§ Dataset excerpt:
----------------
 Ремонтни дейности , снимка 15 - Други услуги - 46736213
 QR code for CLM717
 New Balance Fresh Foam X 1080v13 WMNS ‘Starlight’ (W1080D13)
----------------
Write out every line of the data again, exactly as it reads.

§ Task answer:
 Ремонтни дейности , снимка 15 - Други услуги - 46736213
 QR code for CLM717
 New Balance Fresh Foam X 1080v13 WMNS ‘Starlight’ (W1080D13)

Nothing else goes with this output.